**Data extract**.
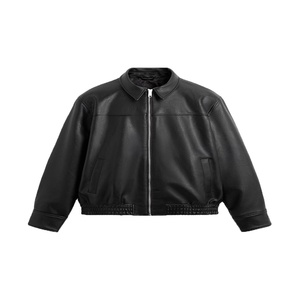 100% Leather Hot Premium Quality Winter <b>Jacket</b> for Men Front Logo Zipper Closure Waterproof Windproof Wool <b>Lined</b> Reversible OEM - Product Image 1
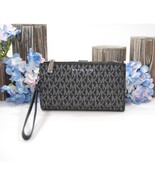 Michael Kors Jet Set Black Silver Metallic Logo Double Zip Phone Wristle... - $187.16 CAD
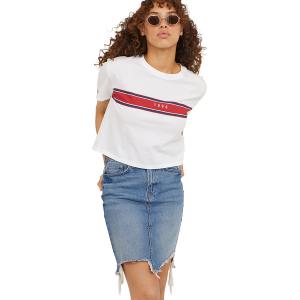 short-sleeved round-collar chest color-bumping stripe printing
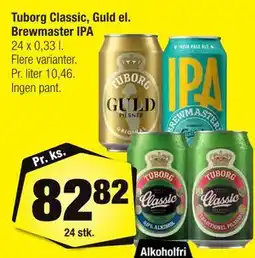 Calle Tuborg Classic, Guld el. Brewmaster IPA tilbud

**Assignment**. Pictures are to be omitted. Output verbatim only the lines from the one holding "Michael Kors Jet" through the end of the material, both included.

**Solved exercise**.
 Michael Kors Jet Set Black Silver Metallic Logo Double Zip Phone Wristle... - $187.16 CAD
 short-sleeved round-collar chest color-bumping stripe printing
 Calle Tuborg Classic, Guld el. Brewmaster IPA tilbud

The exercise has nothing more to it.